Controversy exists over the preferred technique of preoperative biliary drainage (PBD) in patients with hilar cholangiocarcinoma (HCA). The goal of this retrospective study was to identify the preferred technique of PBD for HCA.

Methods

A total of 128 consecutive patients with HCA diagnosed between September 1999 and December 2009 who underwent PBD were included in this study. The study compared outcomes of endoscopic nasobiliary drainage (ENBD), endoscopic biliary stenting (EBS), and percutaneous transhepatic biliary drainage (PTBD) in patients with HCA.

Results

There were no significant differences in preoperative laboratory data, rates of major hepatectomy, or decompression periods among the 3 groups. Complications were significantly more frequent in the EBS group compared with either the ENBD or PTBD group (p < 0.05). Drainage tube occlusion with cholangitis was significantly more common in the EBS group compared with either the ENBD or PTBD group (p < 0.0001).
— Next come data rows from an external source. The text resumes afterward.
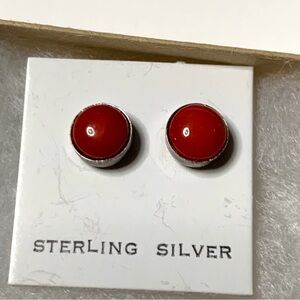 Sterling Silver Red Earrings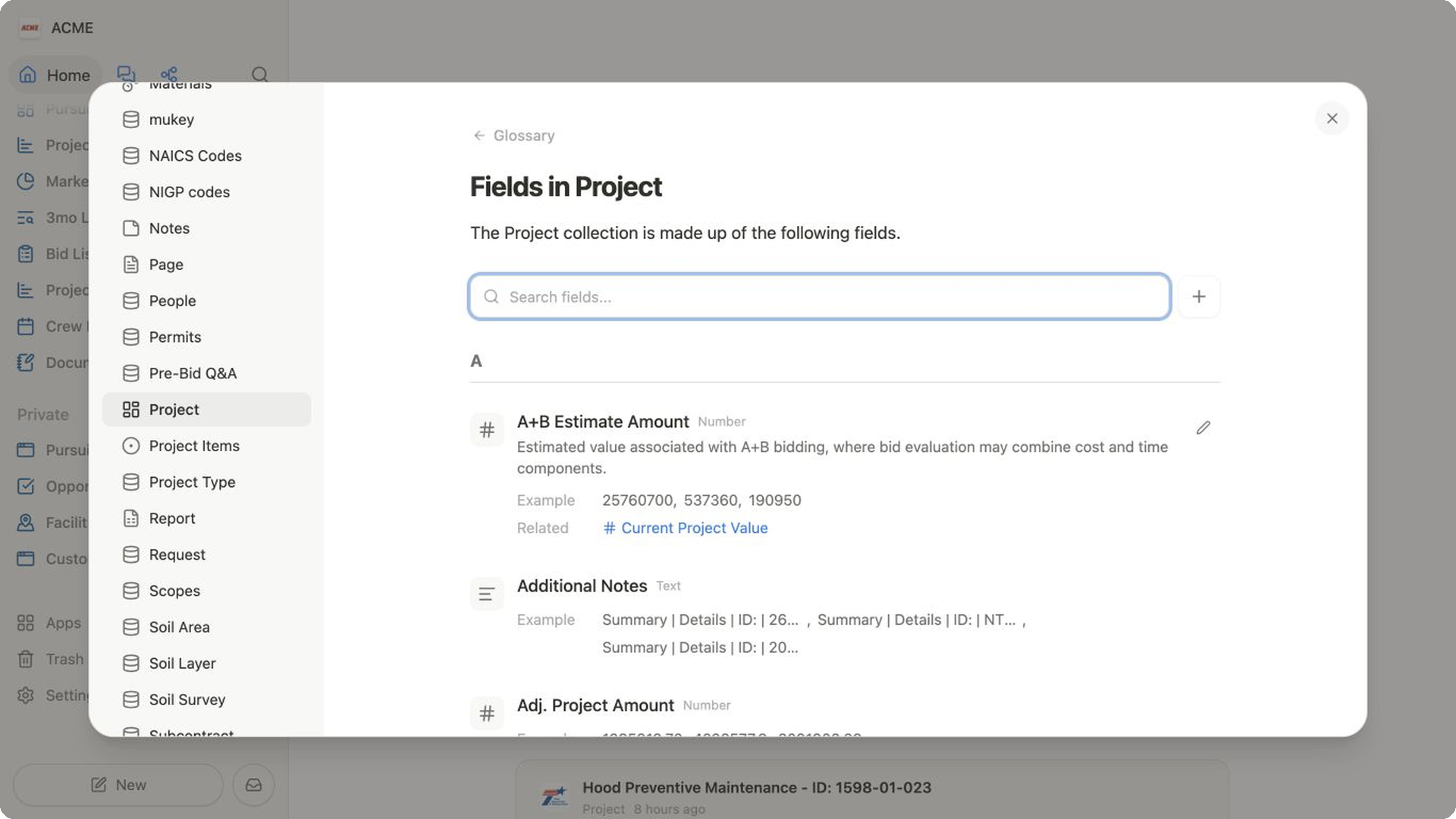 The Project collection open in the Glossary with searchable field definitions.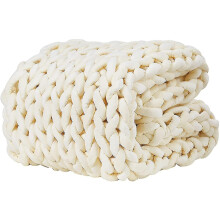 (Beige) Cooling Knitted Weighted Blanket, Hand Made Chunky Knit Weighted Throw Blanket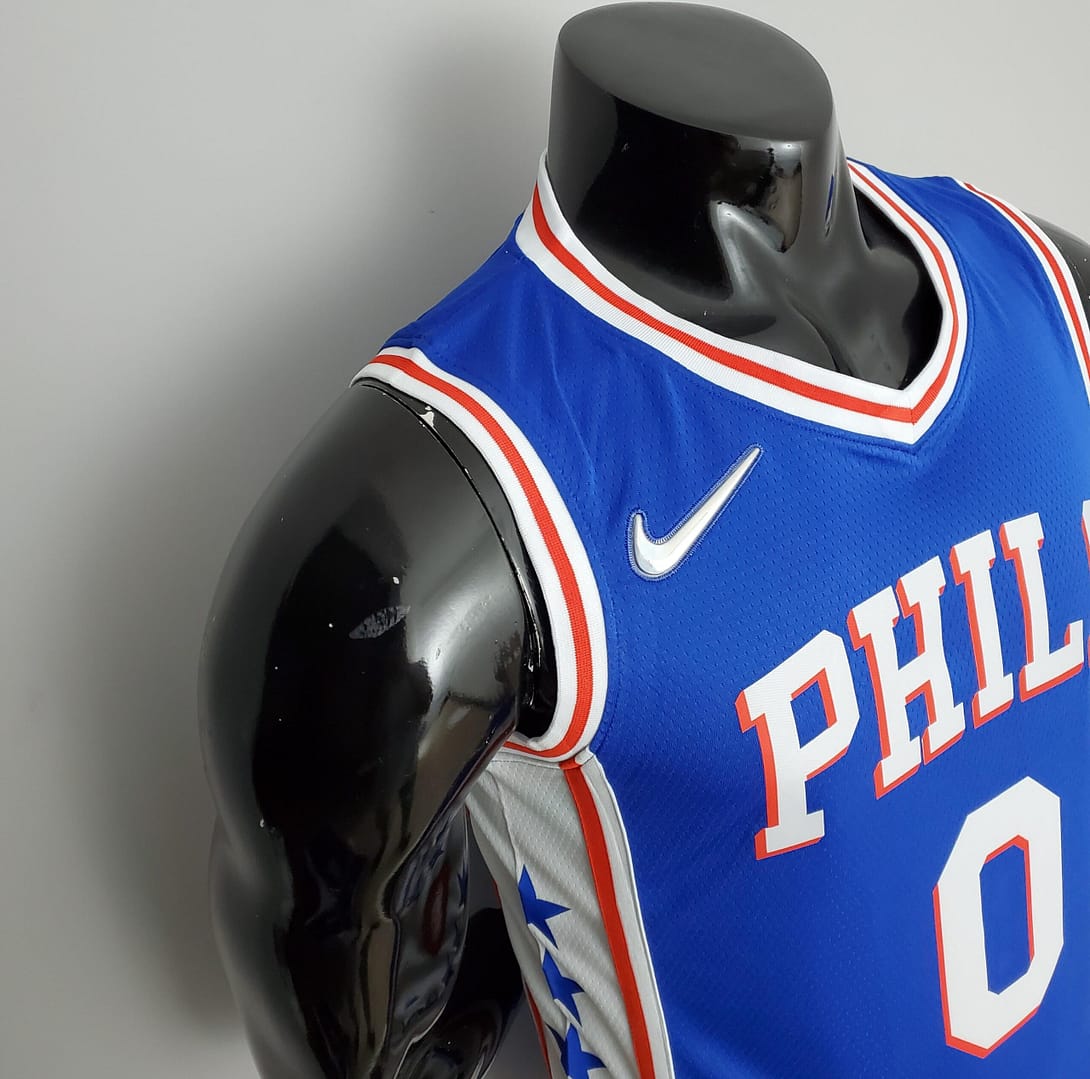 75th Anniversary Philadelphia 76ers MAXEY#0 Blue NBA Jersey - Image 6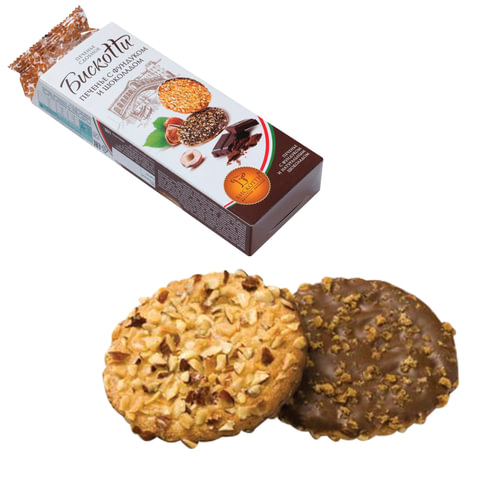Печенье БИСКОТТИ (Россия) с фундуком, шоколадом и вафельной крошкой, сдобное, 100 г Печенье БИСКОТТИ (Россия) с фундуком, шоколадом и вафельной крошкой, сдобное, 100 г
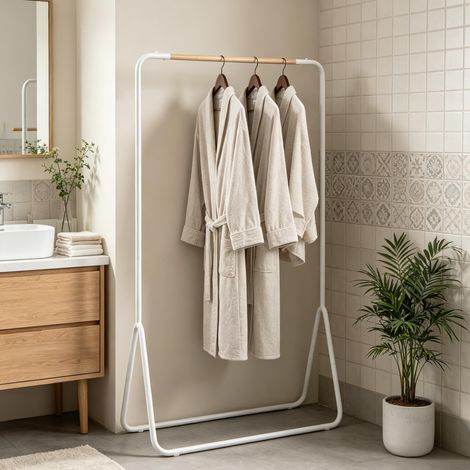 Perchero de pie multifunción de metal blanco con barra superior de madera 80 x 45 x 145 cm (1/5)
Patients in the PTBD group experienced serious complications including vascular injury (8%) and cancer dissemination (4%). Patients in the ENBD and EBS groups had mild post-endoscopic retrograde cholangiopancreatography pancreatitis (5%). Conversion procedures were significantly more common in the EBS group compared with the ENBD and PTBD groups (p < 0.05). There was no significant difference in postsurgical morbidity or mortality among the 3 groups.

Conclusions

Drainage tube occlusion with cholangitis was a frequent complication associated with EBS. PTBD was associated with serious complications such as vascular injury and cancer dissemination. ENBD was found to be the most suitable method for initial PBD management in patients with HCA.